Some Asian Nieman fellows are highly critical of the American press

DISCUSSIONS | June 12, 2006

Coke, Pepsi and Starbucks are popular but Bush, the Iraq war and the American news media aren’t.


By Barry Sussman
Editor, The Watchdog Project
editor@NiemanWatchdog.org

Nieman fellows from around the world say perceptions of the United States in their countries have become highly negative, in some instances as bad as or worse than they have ever been. They assign most of the blame to the war in Iraq and to President Bush. Some are highly critical of the American news media for lack of aggressive reporting, and the citizenry itself for submissiveness.

Read posts from:
  • Nguyen Quang Dy, Vietnam: Iraq has revived the ghosts of Vietnam
  • Ramindar Singh, India: Let down by the ‘crumbling’ of the U.S news media
  • Arun Chacko, India: ‘Two sets of entirely different perceptions’
  • Thepchai Yong, Thailand: There’s Americans, and then there’s the U.S. government
  • Jie Lin, China: U.S. lifestyles yes, policies no
  • Sayuri Daimon, Japan: Image of a good America has faded
  • Xiaoping Chen, China: The waning of an infatuation
  • Jingcao Hu, China: A film maker wants the media to give a broader view
  • Satoshi Yoshida, Japan: Japan has the same issues as the U.S.
  • Thai Nguyen, Vietnam: No hostility, but surprise and frustration
  • A Vietnamese Nieman fellow from 1963 says the war in Iraq has “revived the ghosts of Vietnam” and made the U.S. unpopular throughout the world.

    In all, 34 current and past Nieman fellows from 23 countries took part in a one-question e-mail survey done by this Web site on the occasion of its second anniversary. The question was:

    Please share with us your thoughts about people’s main perceptions of America where you live, and how their perceptions have changed in recent years, say since 9/11.

    Today’s focus is on Asia, where ten Nieman alumni took part. One of them is Ramindar Singh, a 1982 Nieman fellow who is now president of the Hinduja Group, a global banking and investment firm. In nuanced remarks, Singh cites the strong attachment of Indians to the U.S., but also disappointment with U.S. policies and deficiencies of the American press.

    “Even during strained relations between the two governments,” Singh writes, “the U.S. has remained the dream destination of every educated Indian. Indians going abroad for higher education chose the U.S. over their traditional destination, England. And the more engineers and doctors emerged out of U.S. universities, the stronger the bond became between Indians and Americans. But their political worlds remained poles apart.”

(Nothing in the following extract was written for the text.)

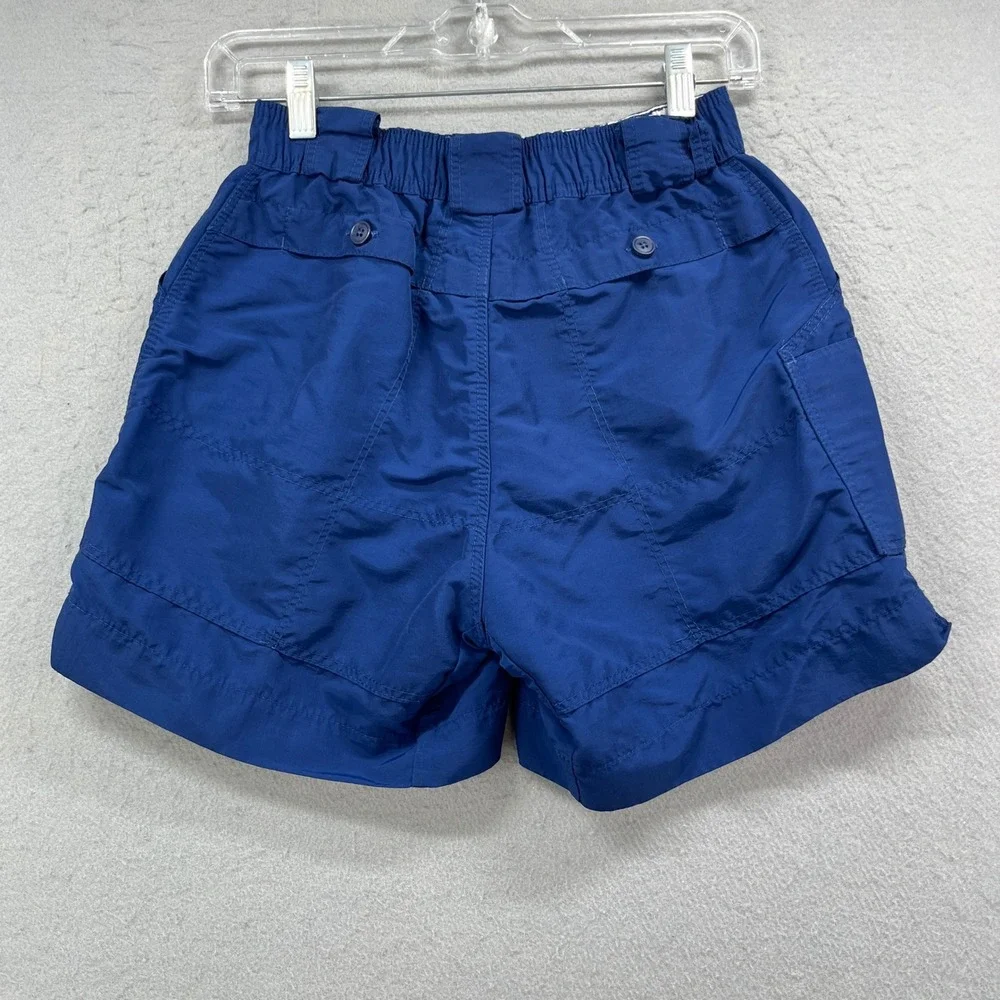 AFTCO Fishing Shorts Boys 28 Blue Nylon Cargo Pocket Outdoor Utility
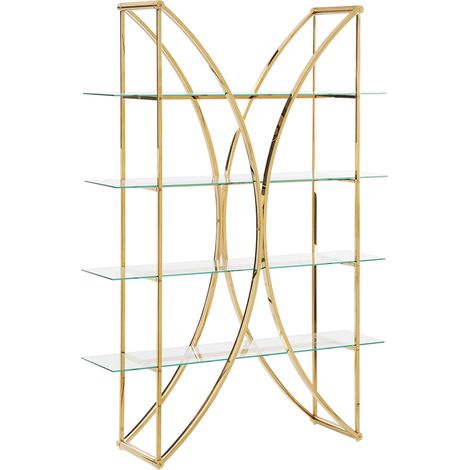 4 Tier Shelving Unit HOLLOW Metal 175 cm Gold (1/5)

    Singh says “the U.S. Constitution is taught in most Indian schools and colleges as the core document which enshrines democratic values,” but “when these beliefs are tested on the ground, the U.S. has often chosen the convenient path rather than the rightful or moral one. Especially in recent times.”

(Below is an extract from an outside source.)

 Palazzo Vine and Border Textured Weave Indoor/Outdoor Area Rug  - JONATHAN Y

    Singh writes, “Indian democrats in general and Indian journalists in particular, feel let down by the unquestioning acceptance of the Bush policies by the U.S. media, the U.S. Congress and American civil society.”

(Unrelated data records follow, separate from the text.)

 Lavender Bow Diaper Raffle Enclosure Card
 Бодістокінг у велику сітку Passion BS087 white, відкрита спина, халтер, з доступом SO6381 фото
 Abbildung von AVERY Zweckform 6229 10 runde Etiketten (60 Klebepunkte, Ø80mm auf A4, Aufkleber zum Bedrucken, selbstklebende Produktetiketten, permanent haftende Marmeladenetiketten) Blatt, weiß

    The media crumbled, Singh says: “Bush was off limits for criticism, even satire and humor for nearly a year after 9/11. Cartoonists called halt to Bush baiting, and for several months Saturday Night Live steered clear of satirizing the President. Large sections of the U.S. media were unsure of where they stood professionally at a time when their nation was at war. Too many allowed their sense of patriotism to supercede their professional objectivity. It was as if large parts of the U.S. media had turned Bush’s ‘with us or against us’ dictum upon themselves, that they would be seen as pro-enemy if they criticized Bush. In its first severe test of objectivity after 9/11, the U.S. media crumbled.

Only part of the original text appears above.